### WORK TASK
From the material below, please set down exactly the lines starting with the one with "Torrid Women's 00" and going on through the one with "Checked V-Neck Zip Up Gilet with Wool", without a single picture.
===== DATA EXTRACT
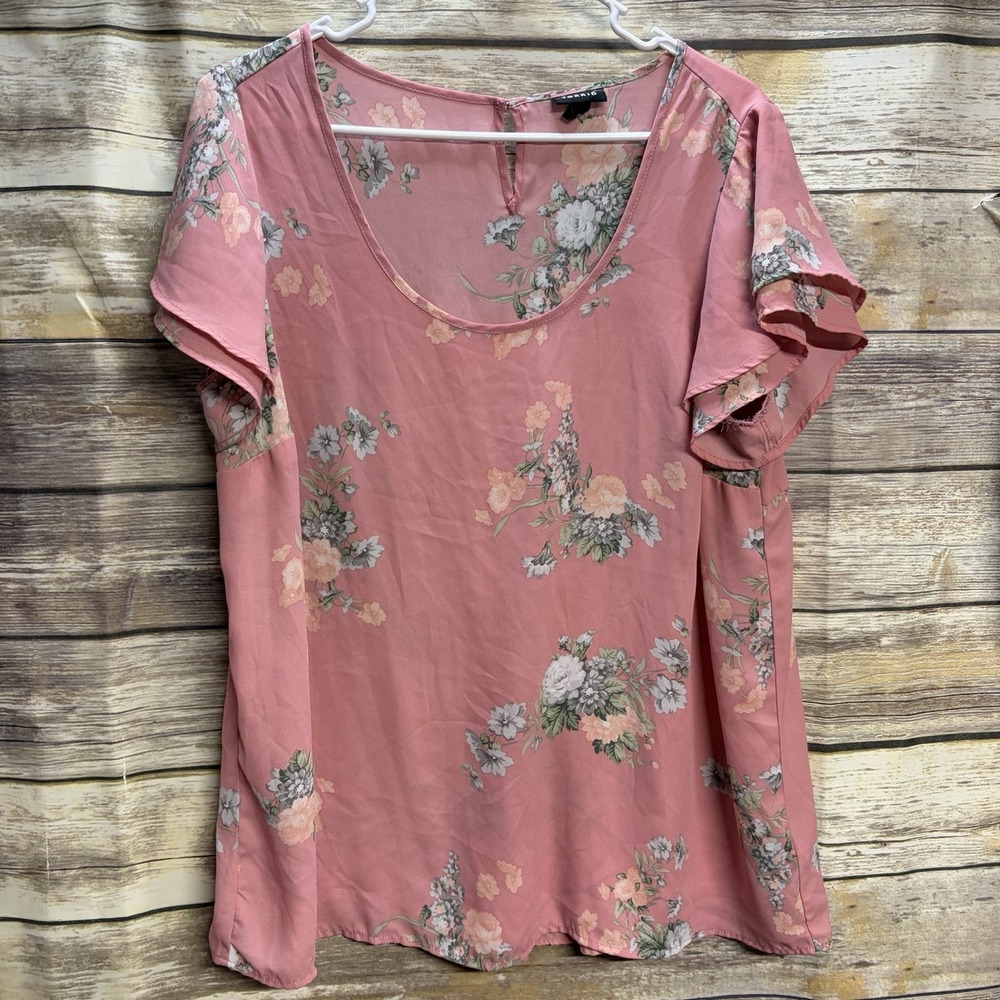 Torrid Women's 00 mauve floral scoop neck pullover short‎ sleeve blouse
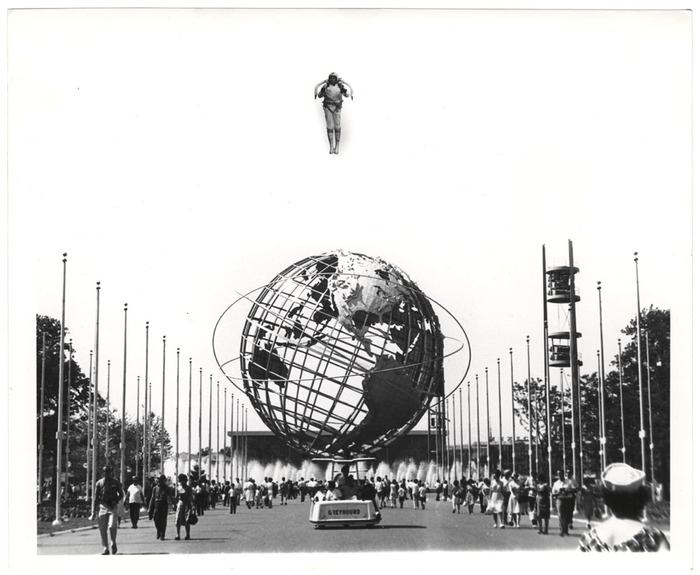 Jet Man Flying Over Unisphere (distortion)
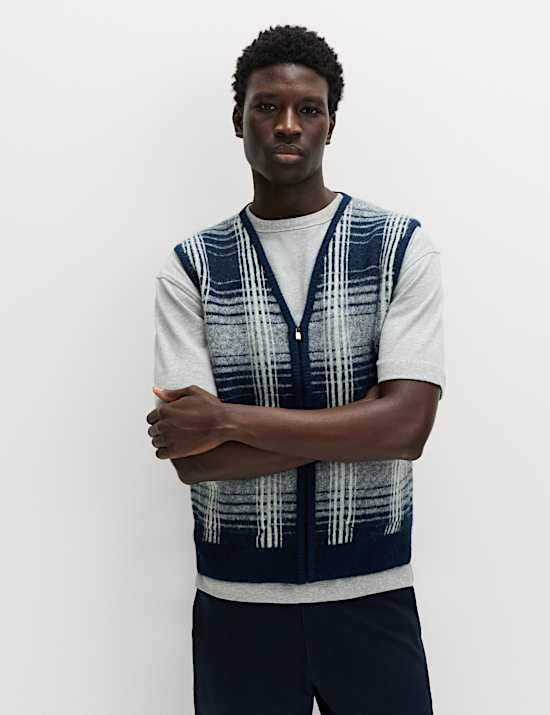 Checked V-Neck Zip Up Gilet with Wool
==========
===== DATA EXTRACT
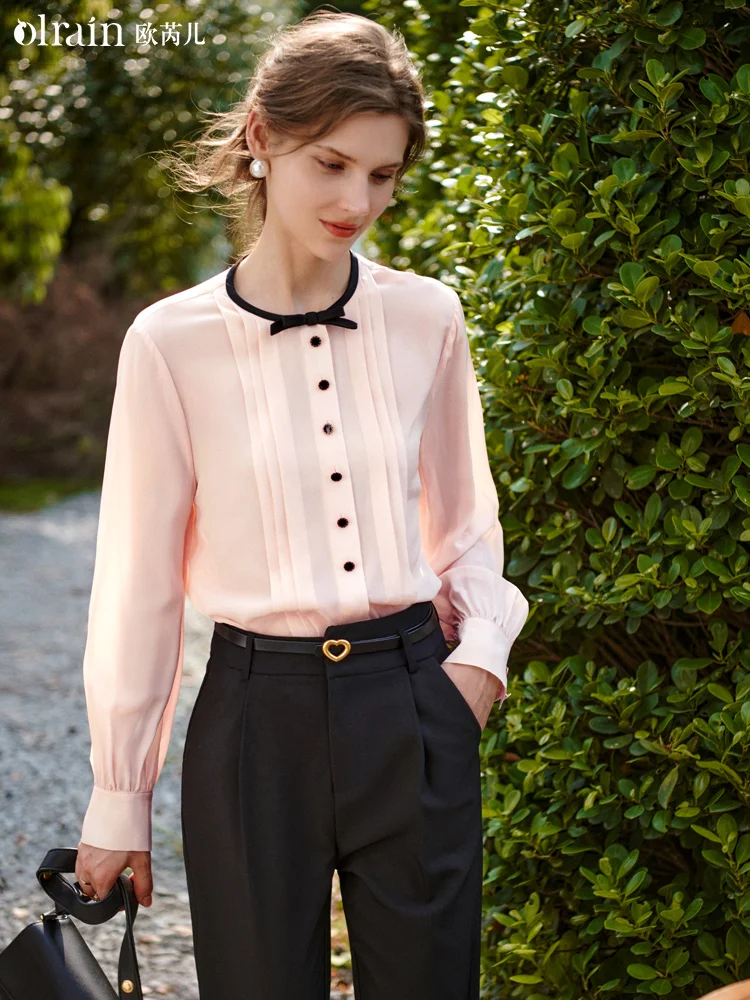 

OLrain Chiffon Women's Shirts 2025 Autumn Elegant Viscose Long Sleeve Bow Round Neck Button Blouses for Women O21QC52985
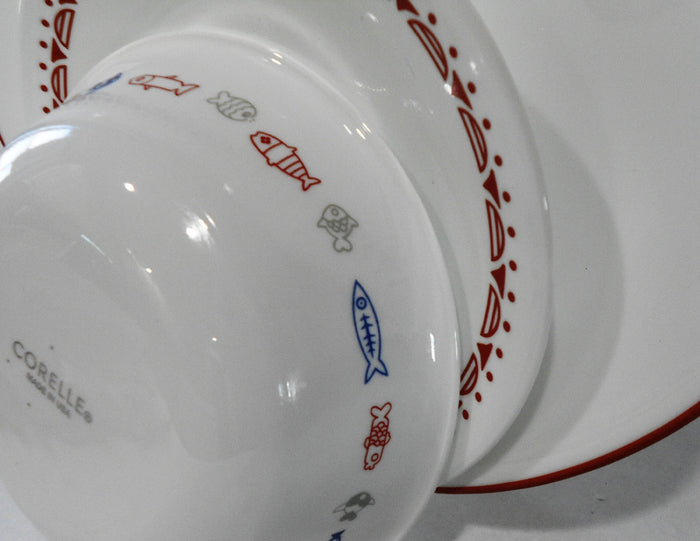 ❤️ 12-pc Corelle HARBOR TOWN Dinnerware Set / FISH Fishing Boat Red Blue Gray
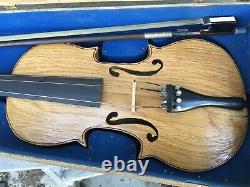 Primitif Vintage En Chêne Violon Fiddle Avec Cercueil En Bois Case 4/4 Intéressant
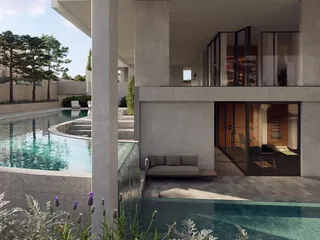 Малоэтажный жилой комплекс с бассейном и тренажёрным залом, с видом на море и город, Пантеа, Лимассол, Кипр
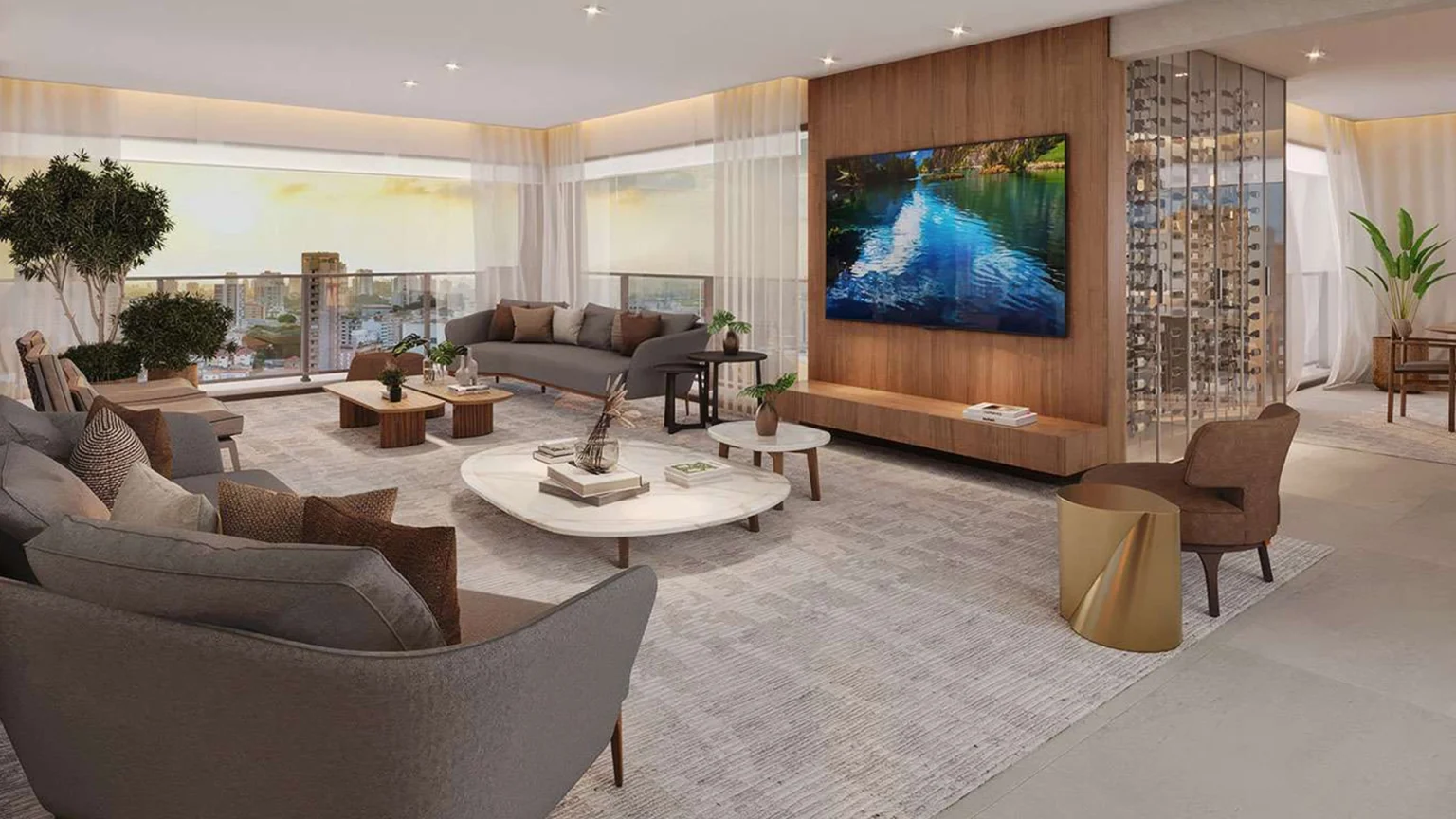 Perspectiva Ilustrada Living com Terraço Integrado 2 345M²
==========
### ANSWER TO THIS TASK
 Torrid Women's 00 mauve floral scoop neck pullover short‎ sleeve blouse
 Jet Man Flying Over Unisphere (distortion)
 Checked V-Neck Zip Up Gilet with Wool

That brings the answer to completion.